Go through the entries and tally the lines containing the word "West". Only the total is wanted.

Caption-style text data
______

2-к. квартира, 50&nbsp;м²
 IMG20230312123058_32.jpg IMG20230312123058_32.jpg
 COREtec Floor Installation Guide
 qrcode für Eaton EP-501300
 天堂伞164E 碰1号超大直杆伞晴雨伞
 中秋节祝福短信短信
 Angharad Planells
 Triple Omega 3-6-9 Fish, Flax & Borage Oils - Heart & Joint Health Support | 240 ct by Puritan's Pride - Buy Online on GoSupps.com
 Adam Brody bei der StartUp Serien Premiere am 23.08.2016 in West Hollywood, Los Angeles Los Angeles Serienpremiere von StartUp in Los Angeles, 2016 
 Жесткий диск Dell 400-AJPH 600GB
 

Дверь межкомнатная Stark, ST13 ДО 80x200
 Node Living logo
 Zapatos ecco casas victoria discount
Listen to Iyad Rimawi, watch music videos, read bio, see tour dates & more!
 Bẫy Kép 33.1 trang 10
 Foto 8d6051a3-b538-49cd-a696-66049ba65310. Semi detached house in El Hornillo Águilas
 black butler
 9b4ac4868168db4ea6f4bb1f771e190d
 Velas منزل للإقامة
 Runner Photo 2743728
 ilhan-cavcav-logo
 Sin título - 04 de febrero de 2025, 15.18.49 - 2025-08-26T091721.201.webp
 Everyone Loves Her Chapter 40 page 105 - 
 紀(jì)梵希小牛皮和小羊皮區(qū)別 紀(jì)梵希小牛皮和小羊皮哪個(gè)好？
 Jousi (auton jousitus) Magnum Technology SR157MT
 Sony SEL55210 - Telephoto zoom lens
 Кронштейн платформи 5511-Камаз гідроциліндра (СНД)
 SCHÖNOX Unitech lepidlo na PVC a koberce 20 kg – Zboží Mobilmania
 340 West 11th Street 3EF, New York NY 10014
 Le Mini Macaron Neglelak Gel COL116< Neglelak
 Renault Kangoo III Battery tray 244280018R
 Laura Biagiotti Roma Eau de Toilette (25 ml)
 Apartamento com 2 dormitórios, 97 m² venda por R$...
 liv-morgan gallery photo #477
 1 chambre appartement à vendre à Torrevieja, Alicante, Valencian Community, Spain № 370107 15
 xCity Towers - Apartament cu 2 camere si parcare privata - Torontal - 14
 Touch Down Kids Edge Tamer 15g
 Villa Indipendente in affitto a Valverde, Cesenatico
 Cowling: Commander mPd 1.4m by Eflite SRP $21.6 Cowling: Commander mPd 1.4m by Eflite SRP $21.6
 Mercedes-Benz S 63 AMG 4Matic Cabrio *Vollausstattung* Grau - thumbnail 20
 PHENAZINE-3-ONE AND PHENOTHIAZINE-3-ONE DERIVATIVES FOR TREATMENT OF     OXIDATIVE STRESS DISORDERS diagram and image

______

SOLVED PROBLEM:
2